Berita / Nusantara /
Sawit Sumsel Melorot Hingga Rp1.700 per Kilogram
Kredit Foto: Syahrul/Elaeis
Palembang, elaeis.co - Penghujung Ramadan petani kelapa sawit justru dilema lantaran harga tandan buah kelapa sawit justru terus mengalami penurunan. Ini terjadi hampir di seluruh wilayah penghasil kelapa sawit se-Nusantara. Tidak terkecuali provinsi Sumatera Selatan (Sumsel).
Dari pantauan Rudi Arpian selaku Fungsional Analis PSP Tingkat Madya Dinas Perkebunan Provinsi Sumatera Selatan di wilayahnya harga beli dari pabrik kelapa sawit (PKS) turun Rp1.000-Rp1.700/kg. Malah ada PKS yang sudah tidak melayani pembelian TBS lagi. Mirisnya, ini hanya berlaku untuk petani swadaya saja.

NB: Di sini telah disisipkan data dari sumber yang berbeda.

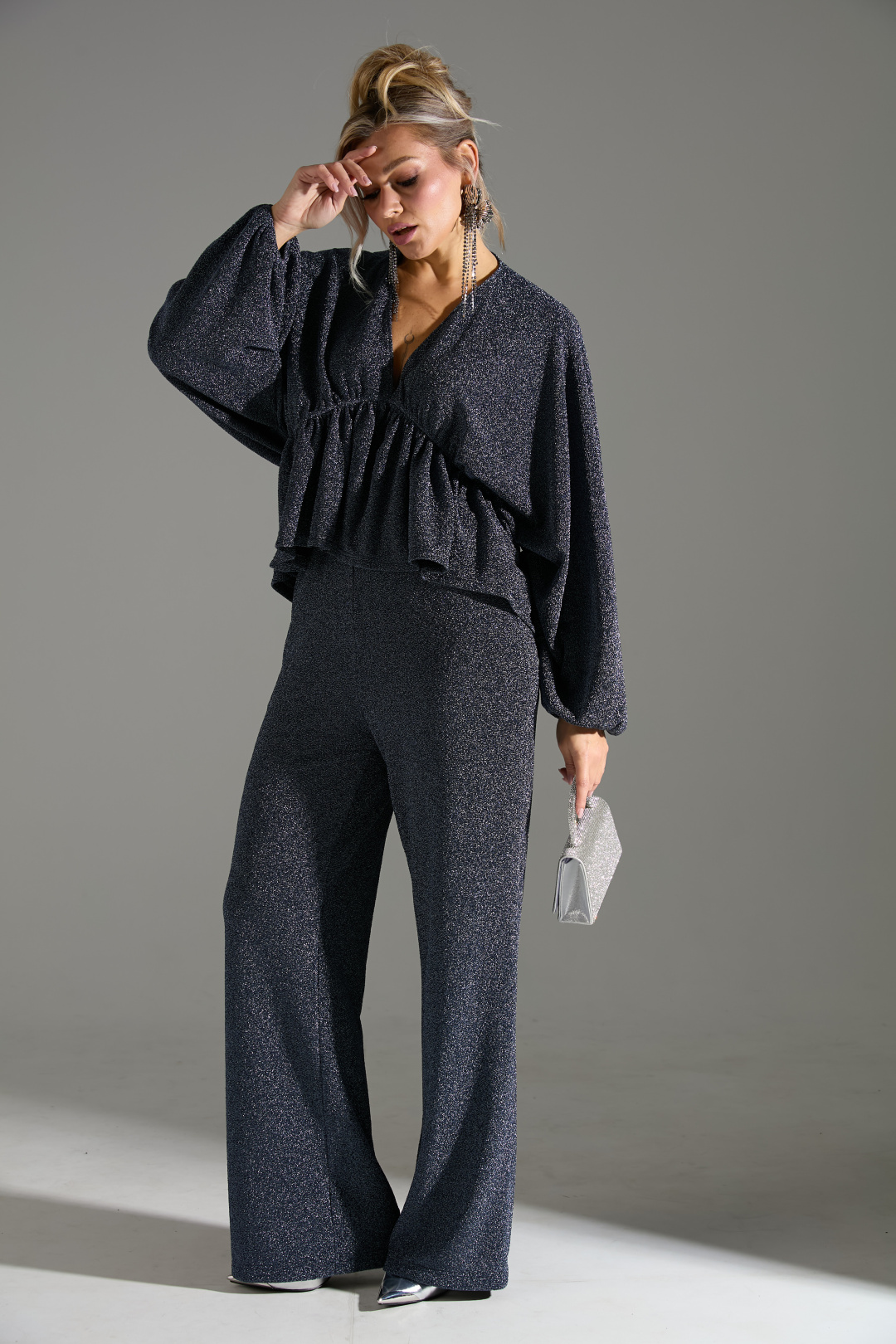 Костюм Лаборатория Моды К 4849 синий - фото 4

"Sumatera selatan dengan potensi luas areal sawit 1.221.374 hektar dengan produksi 3.323.670 Ton CPO. Jumlah petani sawit sebanyak 224.649 kepala keluarga(KK) terdiri dari petani plasma 119.870 KK dan sisanya petani Swadaya sebanyak 104.779 KK. Jadi kondisi ini sangat merugikan petani swadaya tersebut," paparnya kepada elaeis.co, Kamis (28/4).

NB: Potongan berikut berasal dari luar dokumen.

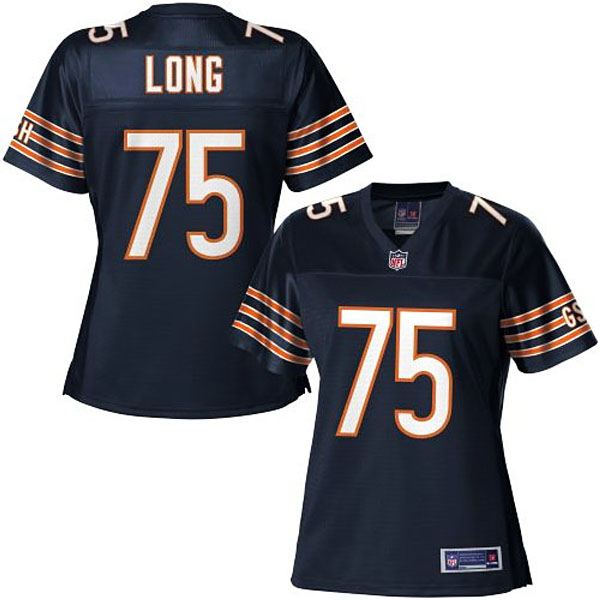 Pro Line Women's Chicago Bears #75 Kyle Long Team Color Jersey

Menurutnya, kondisi ini pengaruh dari kebijakan pemerintah yang melarang ekspor bahan baku dan minyak goreng. Kendati sudah tersebarnya surat edaran dari Dirjenbun, dampak pidato Presiden Joko Widodo beberapa waktu lalu itu diduga masih menjadi senjata PKS menurunkan harga TBS tersebut.

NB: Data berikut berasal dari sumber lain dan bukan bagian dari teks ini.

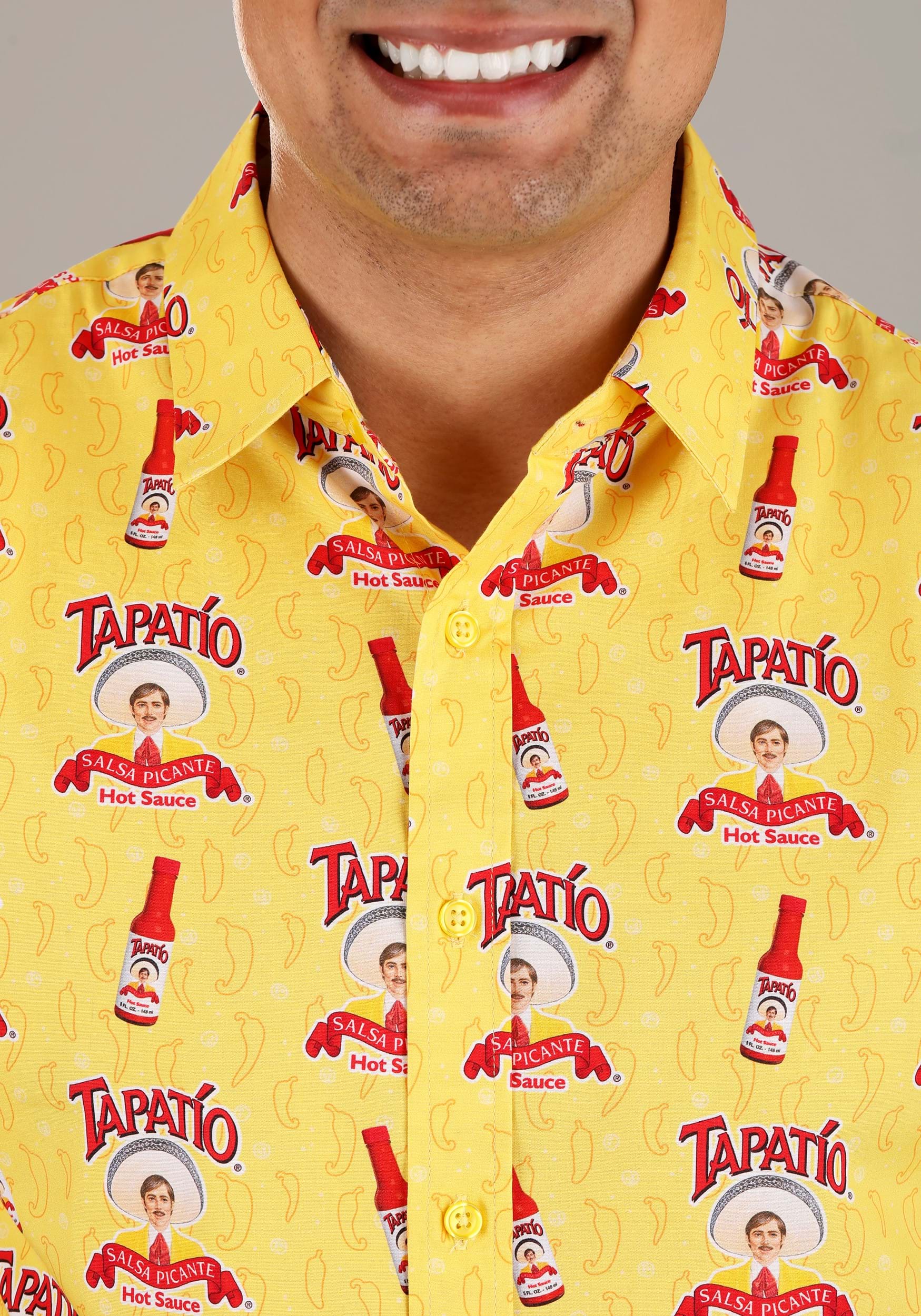 Tapatio Hot Sauce Button Up Adult Shirt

Dengan kondisi petani sendiri tidak banyak pilihan dan malah justru harus pasrah menerima harga rendah tadi. Pasalnya, TBS yang sudah panen harus sudah masuk pabrik tidak lebih dari 1x 24 jam dan jika ini ditolak pabrik maka akan menjadi rusak.
"Kita himbau PKS untuk tetap membeli TNS petani swadaya dengan harga yang tidak terlalu jauh berbeda dengan harga yang ditetapkan oleh tim penatapan harga TBS. Jangan menciptakan kesenjangan harga yang terlalu tinggi," tuturnya
Ia juga berharap semua pihak tenang menyikapi pelarangan ekspor ini, pemerintah hanya berupaya menurunkan harga minyak goreng sawit domestik yang harganya melambung tinggi saat ini dengan memenuhi pasokan. Setelah itu tercapai, tentu semua akan kembali normal.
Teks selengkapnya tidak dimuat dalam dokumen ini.